Honor Thy Father and Mother: The True Story of the Menendez Murders is a 1994 American biographical crime drama film directed by Paul Schneider and written by Michael J. Murray, based on the novel Blood Brothers by Ron Soble and John Johnson. The film follows the 1989 murders of José and Mary "Kitty" Menendez by their sons, Lyle and Erik Menendez, in Beverly Hills, California, and the subsequent murder trials. It stars James Farentino, Jill Clayburgh, Billy Warlock, and David Berón.

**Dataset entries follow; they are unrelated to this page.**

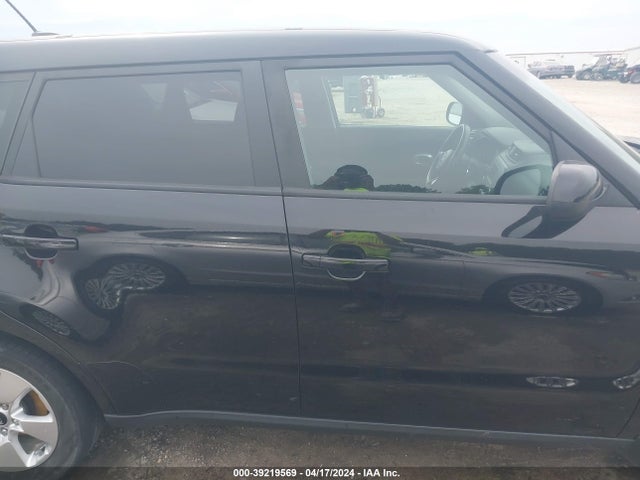KIA Soul 2017 KNDJN2A27H7885298 Image 14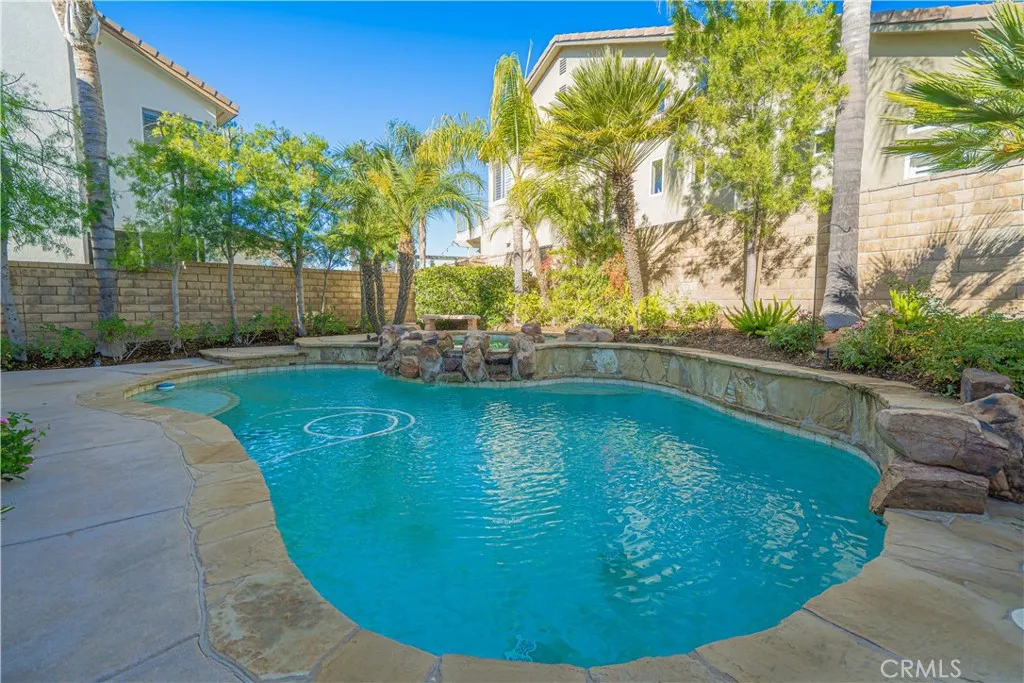 23321 Cuestport Drive, Valencia, California 91354 home-pic-40
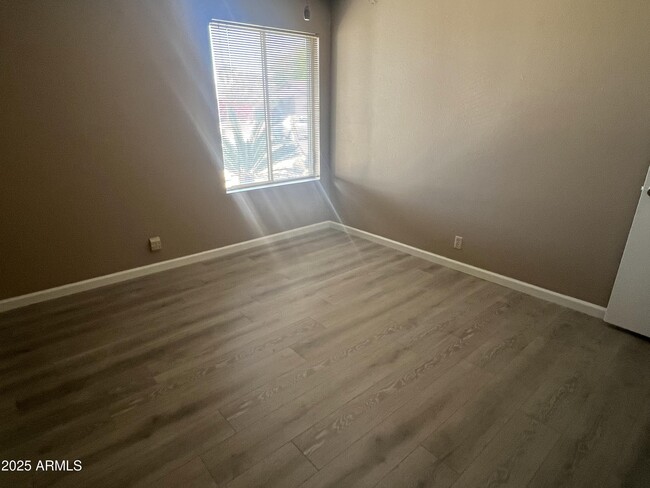 Building Photo - 543 W Pampa Ave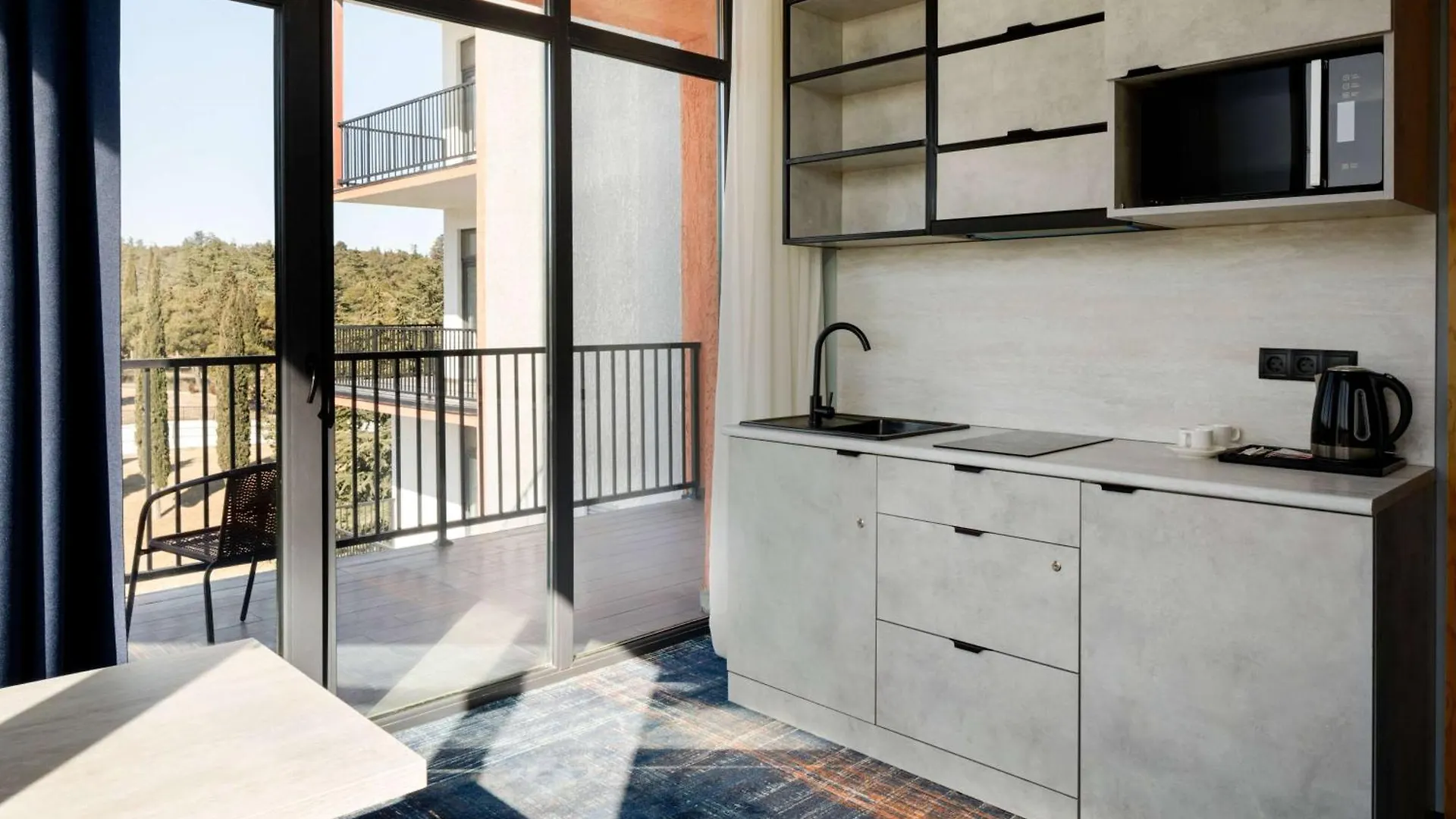 Gino Seaside Tbilisi, Trademark Collection By Wyndham מלון טביליסי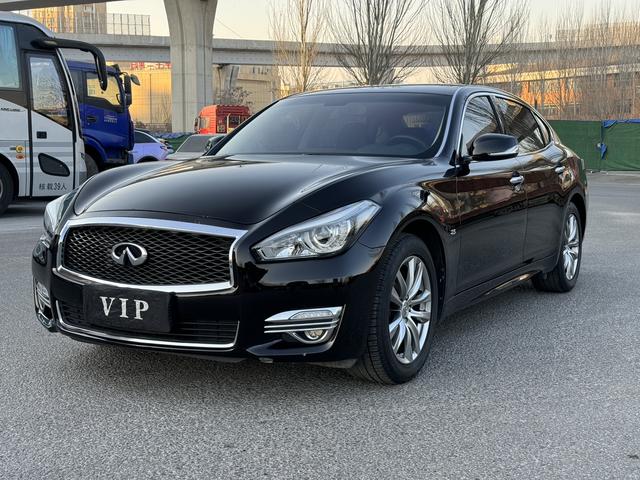 Infiniti Q70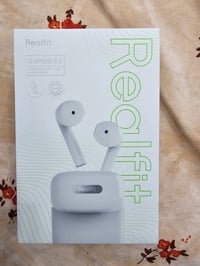 سماعات من شركة Realfit السعر 10 الاف جديد غير مستعمل  يوجد توصيل لجميع...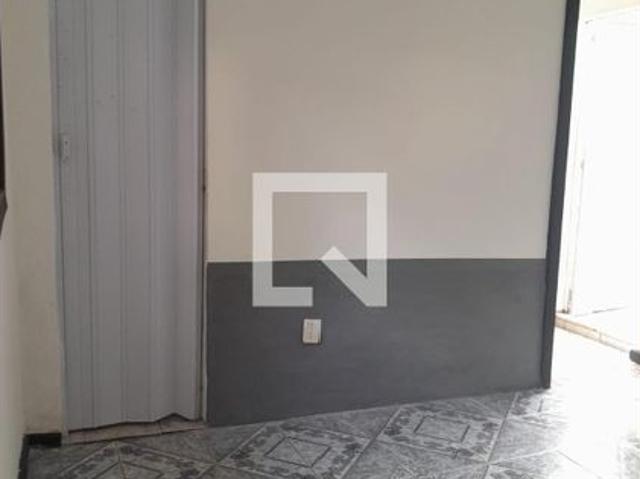 Casa aluguel em Região Geográfica Imediata do Rio de Janeiro, Região Metropolitana do Rio de Janeiro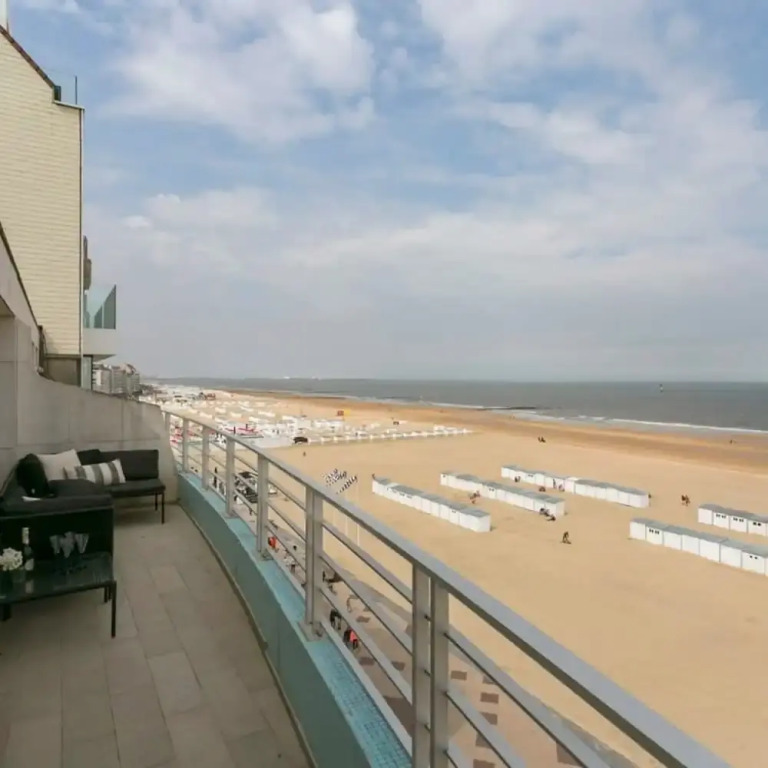 Panoramic Seaview Apartment in t Zoute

The film premiered in the United States on April 18, 1994, and received mixed reviews from critics.

== Plot ==
Honor Thy Father and Mother: The True Story of the Menendez Murders tells the story of the real-life Menendez brothers, who were convicted in 1996 for the murders of their parents, José and Kitty Menendez. After the shocking murders of José and Kitty, the narrative shifts to the investigation and the brothers' initial reactions, which are marked by grief and confusion. The film depicts the police investigation, focusing on the evidence that leads to the suspicion of the brothers. The prosecution contended that the brothers killed their parents to inherit the family wealth. In contrast, Lyle and Erik have consistently maintained, even as they serve life sentences without the possibility of parole, that their actions were driven by fear resulting from a lifetime of physical, emotional, and sexual abuse.

== Cast ==
- James Farentino as José Menendez
- Jill Clayburgh as Kitty Menendez
- Billy Warlock as Lyle Menendez
- David Berón as Erik Menendez
- John Beck as Detective. Les Zoeller
- Michael Paul Chan as Lester Kuriyama
- Erin Gray as Pamela Bozanich
- Elaine Joyce as Jill Lansing
- Stanley Kamel as Dr. Jerome Oziel
- Susan Blakely as Leslie Abramson
- Meg Wittner as Judalon Smyth
- Marcos Ferraez as
- Jeffrey Broadhurst as (as Jeffery Lee Broadhurst)
- Steve Bannos as Det. Tim Linehan

== Production ==
Honor Thy Father and Mother: The True Story of the Menendez Murders was primarily filmed in Los Angeles, California. Since the story is based on the real-life Menendez brothers' case, much of the filming took place in locations resembling the affluent areas of Beverly Hills, where the actual events occurred. The film was directed by Paul Schneider and co-written by Abby Mann, a renowned screenwriter who also focused on true crime adaptations. The film was produced by NBC as a made-for-TV movie, reflecting the public's intense interest in the Menendez trial, which garnered widespread media attention at the time.

== Reception ==
Veronica Super Guide magazine gave the film a "2-star" rating, writing: "The film manages to avoid sensationalism and provides a good impression of the media hysteria surrounding major murder cases. Also known as The Menendez Killings." John J. O'Connor of The New York Times stated at the time of its release:

Mr. Moran asks Mr. Soble if his appearance in this movie didn't represent some kind of "crossing the line" in journalistic ethics. "I saw no problem with that," says Mr. Soble. Sorry, but I do.
— nytimes.com

Ken Tucker of Entertainment Weekly magazine gave the film a "D+" rating, criticizing its inability to deliver an enjoyable crime drama experience." Ken said that "The filmmakers seem not to have realized that one major reason the real-life Menéndez brothers were fascinating to watch as their cases played out on Court TV is precisely the reason Honor Thy Father and Mother is a dull TV movie."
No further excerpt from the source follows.